**TASK INSTRUCTIONS**
Only one portion of the data is to be written out: from the line bearing "An oral anatomy teaching system" through the line bearing "Gartenhortensie 'Bavaria'®". Write it exactly as it appears.

[Opening GIVEN DATA section]

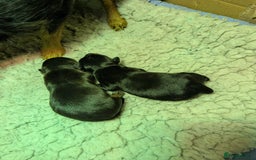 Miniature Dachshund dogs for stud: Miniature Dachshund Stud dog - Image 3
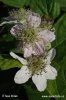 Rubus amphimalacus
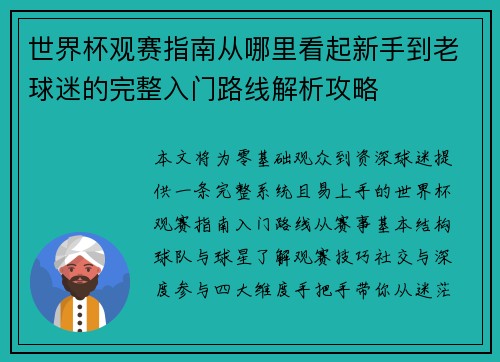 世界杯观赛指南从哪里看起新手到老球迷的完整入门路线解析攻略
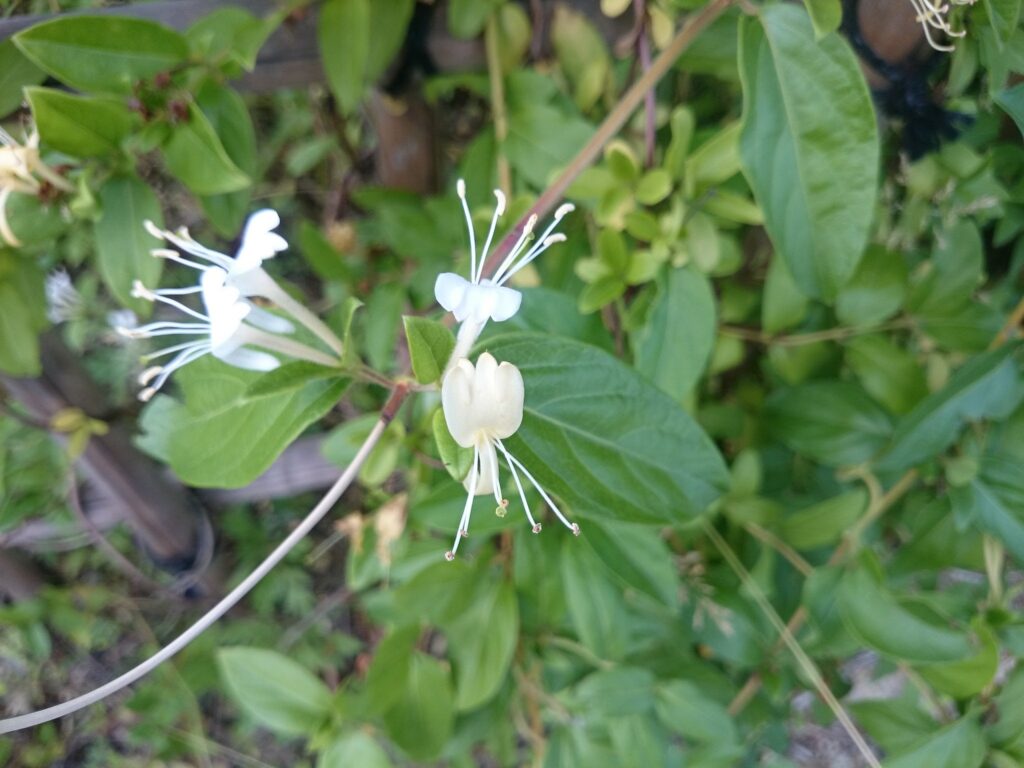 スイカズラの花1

[Closing GIVEN DATA section]
[Opening GIVEN DATA section]

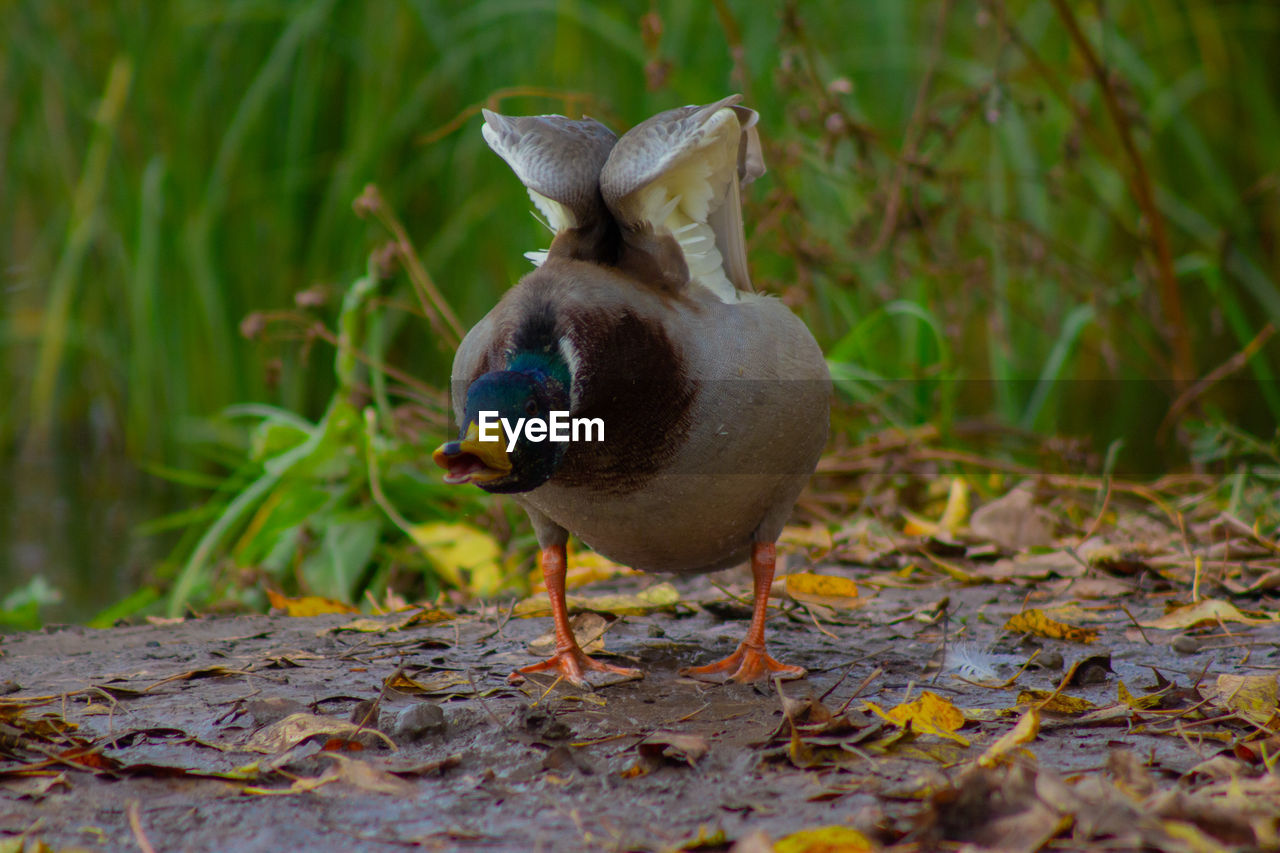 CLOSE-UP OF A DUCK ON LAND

[Closing GIVEN DATA section]
[Opening GIVEN DATA section]

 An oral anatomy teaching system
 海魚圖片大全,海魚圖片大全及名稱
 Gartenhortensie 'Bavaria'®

[Closing GIVEN DATA section]

**REPLY TO THE EXERCISE**
 An oral anatomy teaching system
 海魚圖片大全,海魚圖片大全及名稱
 Gartenhortensie 'Bavaria'®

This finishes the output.